I know the sandbox doesn't have a timeframe specified, but I thought I had that for the production JQL?
project = "PROJECT" AND updated >= "-2d 5h" AND updated <= "-2d 3h" and (key NOT IN (PROJECT-5000,PROJECT-5001,PROJECT-5002)) and (key >= PROJECT-1500 AND key <= PROJECT-1700) ORDER BY key ASC, updated DESC, summary ASC
I had originally attempted to search for the summaries containing " | " since those were the ones affected, but JQL couldn't find them:
filter the web response data by the field equaling Summary, and store that result in a variable
I believe I've already done this step, or similar, in the second variable in both of my rules. However my variable pulls in the last "fromString" instead of the last "field" since they're all on the same level when looking at the output (i.e. "fromString" isn't nested under "field").
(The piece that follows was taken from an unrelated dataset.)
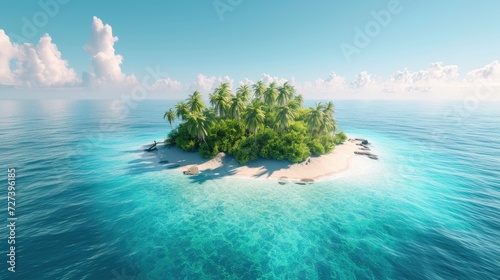 A small island in the northeast, surrounded by turquoise blue water and white sand beaches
then split that variable back into a list (or into JSON) and then grab the first record as that will likely be the most recent one
I'm not sure I understand what you mean on this step. Could you elaborate?
That means there could be markup in the Summary field, including smart links when a work item key is included. There is no timeline noted, and hopefully your conversion / cleanup will be done before that fully rolls out...Otherwise your rule may need to alter its logic.
I'm hoping to have this migration finished by next week. This automation is my only blocker at the moment.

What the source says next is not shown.